GIVEN DATA section start
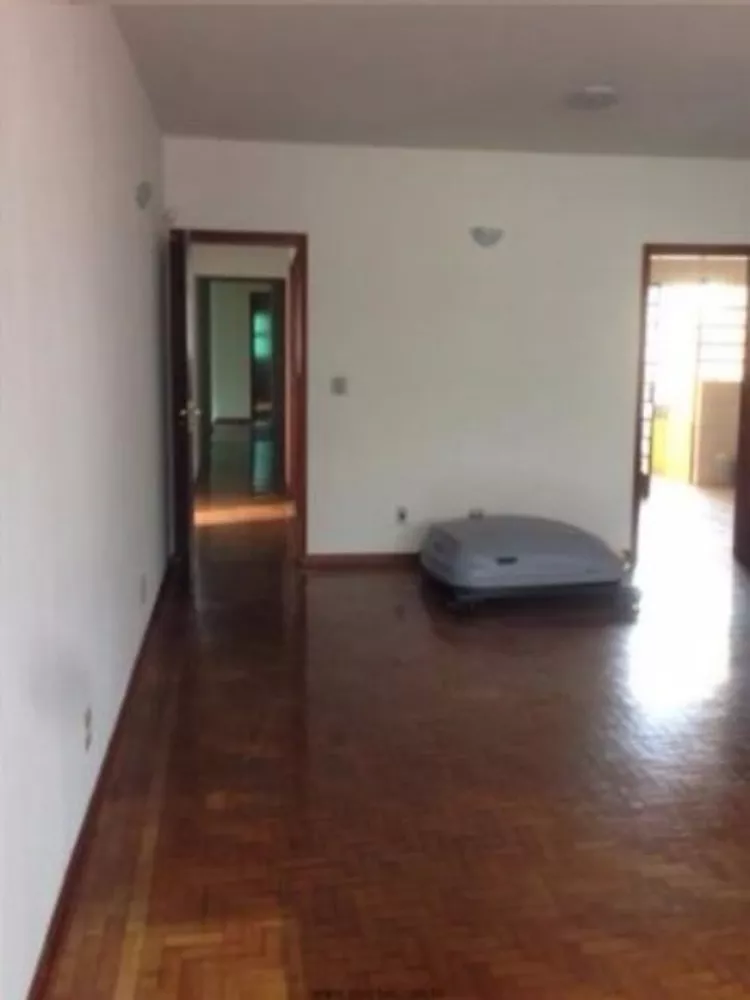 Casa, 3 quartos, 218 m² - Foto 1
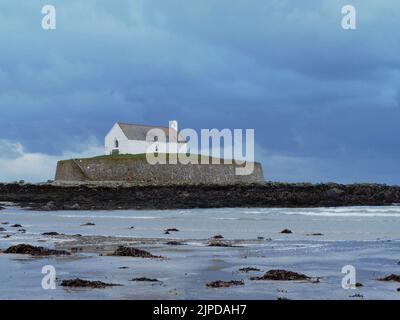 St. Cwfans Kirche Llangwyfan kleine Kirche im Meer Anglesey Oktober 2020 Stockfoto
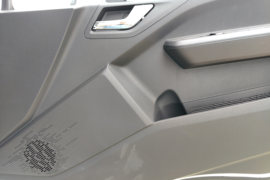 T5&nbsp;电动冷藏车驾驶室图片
GIVEN DATA section end
[WHAT YOU HAVE TO DO] Set down the material above exactly. Skip any picture.

[SOLUTION TO THIS EXERCISE]
 Casa, 3 quartos, 218 m² - Foto 1
 St. Cwfans Kirche Llangwyfan kleine Kirche im Meer Anglesey Oktober 2020 Stockfoto
 T5&nbsp;电动冷藏车驾驶室图片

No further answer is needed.